Os discursos sobre as desigualdades socioeconômicas circulam tanto quanto uma sub-zero (até o nome de um ninja azul foi roubado...) num boteco. A mortalidade humanóide vai muito além da morte física. Temos as famosas mortes de cunhos sociais, econômicas, também morais. A miséria é uma fusão de tais mortes.

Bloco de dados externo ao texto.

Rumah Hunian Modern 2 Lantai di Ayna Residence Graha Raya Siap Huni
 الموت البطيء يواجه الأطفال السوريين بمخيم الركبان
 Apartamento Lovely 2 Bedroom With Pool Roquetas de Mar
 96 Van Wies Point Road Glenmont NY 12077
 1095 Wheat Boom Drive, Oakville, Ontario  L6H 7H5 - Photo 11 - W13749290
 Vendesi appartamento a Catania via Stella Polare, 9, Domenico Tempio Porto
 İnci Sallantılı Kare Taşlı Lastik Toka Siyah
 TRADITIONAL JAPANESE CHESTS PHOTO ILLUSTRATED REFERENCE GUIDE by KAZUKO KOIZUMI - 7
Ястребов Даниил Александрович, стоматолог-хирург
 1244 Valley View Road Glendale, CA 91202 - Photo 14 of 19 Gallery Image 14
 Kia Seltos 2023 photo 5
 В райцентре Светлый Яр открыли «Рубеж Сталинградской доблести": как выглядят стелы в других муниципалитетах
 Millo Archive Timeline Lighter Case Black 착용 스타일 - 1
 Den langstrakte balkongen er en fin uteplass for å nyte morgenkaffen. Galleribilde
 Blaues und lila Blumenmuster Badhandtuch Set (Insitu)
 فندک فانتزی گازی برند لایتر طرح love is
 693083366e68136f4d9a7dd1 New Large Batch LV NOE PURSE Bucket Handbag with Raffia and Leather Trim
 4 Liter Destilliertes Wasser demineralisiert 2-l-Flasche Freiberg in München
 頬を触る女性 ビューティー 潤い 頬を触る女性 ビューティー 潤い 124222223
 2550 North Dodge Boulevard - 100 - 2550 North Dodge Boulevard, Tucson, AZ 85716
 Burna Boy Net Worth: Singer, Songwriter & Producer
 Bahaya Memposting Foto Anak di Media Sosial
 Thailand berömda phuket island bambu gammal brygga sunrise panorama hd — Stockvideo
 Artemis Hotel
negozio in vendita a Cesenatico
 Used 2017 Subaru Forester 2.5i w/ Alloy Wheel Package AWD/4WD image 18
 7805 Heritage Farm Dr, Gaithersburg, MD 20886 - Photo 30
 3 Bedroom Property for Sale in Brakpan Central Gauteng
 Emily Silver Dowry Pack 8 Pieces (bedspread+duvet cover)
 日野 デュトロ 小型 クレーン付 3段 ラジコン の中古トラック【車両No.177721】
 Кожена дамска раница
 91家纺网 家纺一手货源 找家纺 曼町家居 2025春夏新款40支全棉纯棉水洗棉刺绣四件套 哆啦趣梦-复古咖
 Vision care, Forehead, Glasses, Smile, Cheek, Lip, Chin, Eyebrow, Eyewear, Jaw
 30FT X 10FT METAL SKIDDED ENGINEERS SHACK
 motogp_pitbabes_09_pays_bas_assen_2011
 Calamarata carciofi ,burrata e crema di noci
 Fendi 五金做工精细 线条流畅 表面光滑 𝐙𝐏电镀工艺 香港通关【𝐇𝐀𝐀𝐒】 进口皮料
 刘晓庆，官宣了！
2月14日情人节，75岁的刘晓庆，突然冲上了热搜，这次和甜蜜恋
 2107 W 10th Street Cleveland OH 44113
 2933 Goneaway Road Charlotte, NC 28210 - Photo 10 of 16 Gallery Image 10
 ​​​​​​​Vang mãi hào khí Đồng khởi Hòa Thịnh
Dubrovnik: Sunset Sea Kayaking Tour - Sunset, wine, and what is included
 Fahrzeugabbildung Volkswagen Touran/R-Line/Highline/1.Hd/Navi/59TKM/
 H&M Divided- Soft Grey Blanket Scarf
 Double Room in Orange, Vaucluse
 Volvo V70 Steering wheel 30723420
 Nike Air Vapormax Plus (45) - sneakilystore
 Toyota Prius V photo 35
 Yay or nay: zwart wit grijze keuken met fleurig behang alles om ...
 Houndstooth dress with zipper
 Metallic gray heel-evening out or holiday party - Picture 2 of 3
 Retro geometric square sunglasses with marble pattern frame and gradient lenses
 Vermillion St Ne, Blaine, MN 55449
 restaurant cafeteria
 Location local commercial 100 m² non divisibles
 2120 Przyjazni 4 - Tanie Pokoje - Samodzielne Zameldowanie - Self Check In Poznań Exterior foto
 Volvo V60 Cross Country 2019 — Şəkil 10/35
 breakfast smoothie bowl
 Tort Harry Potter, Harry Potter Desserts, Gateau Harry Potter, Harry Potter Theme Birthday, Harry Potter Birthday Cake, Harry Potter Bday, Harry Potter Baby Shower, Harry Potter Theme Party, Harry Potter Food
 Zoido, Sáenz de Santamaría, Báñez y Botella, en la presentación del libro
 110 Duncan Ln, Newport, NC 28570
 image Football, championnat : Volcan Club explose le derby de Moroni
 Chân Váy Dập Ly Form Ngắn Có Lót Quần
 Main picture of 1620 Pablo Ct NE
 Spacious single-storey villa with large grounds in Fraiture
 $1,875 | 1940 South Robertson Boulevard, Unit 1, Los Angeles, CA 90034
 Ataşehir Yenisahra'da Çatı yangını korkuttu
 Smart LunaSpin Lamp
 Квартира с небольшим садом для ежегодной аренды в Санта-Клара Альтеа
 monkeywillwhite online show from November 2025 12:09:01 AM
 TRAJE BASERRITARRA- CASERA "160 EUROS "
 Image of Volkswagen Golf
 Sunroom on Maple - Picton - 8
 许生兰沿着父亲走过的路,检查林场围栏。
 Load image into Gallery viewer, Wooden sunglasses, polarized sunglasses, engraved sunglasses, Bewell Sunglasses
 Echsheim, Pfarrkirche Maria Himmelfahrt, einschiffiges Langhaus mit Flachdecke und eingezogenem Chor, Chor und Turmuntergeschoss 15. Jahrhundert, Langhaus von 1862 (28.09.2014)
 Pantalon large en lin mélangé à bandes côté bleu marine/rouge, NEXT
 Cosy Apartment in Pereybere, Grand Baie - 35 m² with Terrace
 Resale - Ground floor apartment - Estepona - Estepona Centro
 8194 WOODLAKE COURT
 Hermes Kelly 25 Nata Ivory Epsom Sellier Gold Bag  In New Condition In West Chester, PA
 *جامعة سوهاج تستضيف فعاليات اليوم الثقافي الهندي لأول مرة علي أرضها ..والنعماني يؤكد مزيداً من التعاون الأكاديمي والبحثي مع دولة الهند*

Passo minhas palavras para aquele excêntrico bigodudo alemão:
 
“Talvez nada separe os homens e as épocas a não ser os diferentes graus de seu conhecimento da miséria: tanto a da alma como a do corpo. No que se refere a esta última, nós, homens de hoje, apesar de todas as nossas fraquezas e nossas enfermidades, por causa de nossa falta de experiências sérias, talvez todos nos tornamos ignorantes e fantasiosos: em comparação com uma época do temor – a mais longa da humanidade – quando o indivíduo devia proteger a si mesmo contra a violência e era obrigado, para esse fim, a ser ele mesmo contra a violência e era obrigado, para esse fim, a ser ele próprio violento. Nessa época o homem fazia um duro aprendizado de sofrimentos físicos e de privações e encontrava, numa certa crueldade para consigo mesmo e no exercício voluntário da dor, um meio necessário à sua conservação; então se educava seu meio a suportar a dor, então se gostava de provocar a dor e se via os outros serem atingidos por aquilo que há de pior nesse gênero, sem experimentar outro sentimento que não fosse o da própria segurança. Quanto a miséria da alma, examino agora cada homem para me dar conta se ele a conhece por experiência ou por descrição; se julga ser necessário, por exemplo, simular o conhecimento dessa miséria, para testemunhar certa cultura ou se, no fundo da alma, se recusa a acreditar nas grandes dores da alma e se, quando se mencionadas em sua presença, não se passa nele qualquer coisa de análogo ao que acontece quando lhe falam de sofrimentos físicos – pensa então logo em suas dores de dente e de estômago.”
(Nietzsche, A Gaia Ciência, I:48)
 
A má distribuição de renda: muita concentração de capital nas mãos de poucos; a miséria é cada vez maior, incalculável; os bolsões de miséria assustam, deixam as pessoas indignadas – é difícil respirar em meio à desumanização, onde a realidade é triste e cruel; é o resultado do sistema capitalista devorador, consumidor, alienador, que sobe e desce, com seus momentos, ora apoteóticos, ora em crises nervosas que explodem ferozmente. Sem contar o aquecimento global (que só o pai do Bush não acredita); problemas ambientais e socioeconômicos juntos. As "bravas" colonizações, as relações de poderes sobre outrem, eis aonde estamos: “O povo que subjuga outro, forja suas próprias cadeias.” (Marx). Estamos na dita era pós-moderna – a era das promessas, a era de que todos seríamos iguais. Isso é uma era que “já era” (ou quem nunca foi).
Quando o Sol Bater... um “Sol” que não é para todos, não – Legião Urbana resumiu assim a miséria do homo sapiens: “A humanidade é desumana.”
Estaríamos voltando a “barbárie”? Ou será que a civilização ainda é um projeto utópico? Violências e descrenças, eis o mundo globalizado.
Tem que ser um otimista a lá Pangloss para afirmar que “este é o melhor dos mundos possíveis.”